Supported Relational Databases

The Trifacta platform can natively connect to these relational database platforms. Natively supported versions are the following:

  • Oracle 12.1.0.2
  • SQL Server 12.0.4
  • PostgreSQL 9.3.10
  • Teradata 14.10+

    NOTE: To enable Teradata connections, you must download and install Teradata drivers first. For more information, see Enable Teradata Connections.

Additional relational connections can be enabled and configured for the platform. For more information, see Connection Types.

Ports

For any relational source to which you are connecting, the Trifacta node must be able to access it through the specified host and port value.

Please contact your database administrator for the host and port information.

Enable

This feature is enabled automatically. 

NOTE: Disabling this feature hides existing relational connections.

Disable relational publishing

By default, relational connections are read/write, which means that users can create connections that enable writing back to source databases.

  • When this feature is enabled, writeback is enabled for all natively supported relational connection types.

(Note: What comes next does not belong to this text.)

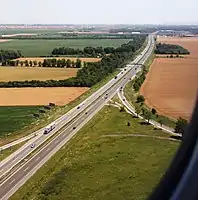 E70 près de l'aéroport de Belgrade en Serbie.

See Connection Types.
  • Depending on the connection type, the Trifacta platform writes its data to different field types in the target database. For more information, see Type Conversions.
  • Some limitations apply to relational writeback. See Limitations below.

As needed, you can disable this feature.

Steps:

  1. You can apply this change through the Admin Settings Page (recommended) or trifacta-conf.json. For more information, see Platform Configuration Methods.
  2. Locate the following parameter and set it to false:

    "webapp.connectivity.relationalWriteback.enabled": true,
  3. Save changes and restart the platform.

Publishing through relational connections is disabled.

Limitations

NOTE: Unless otherwise noted, authentication to a relational connection requires basic authentication (username/password) credentials.

  • You cannot swap relational sources if they are from databases provided by different vendors. See Flow View Page.
  • There are some differences in behavior between reading tables and views. See Using Databases.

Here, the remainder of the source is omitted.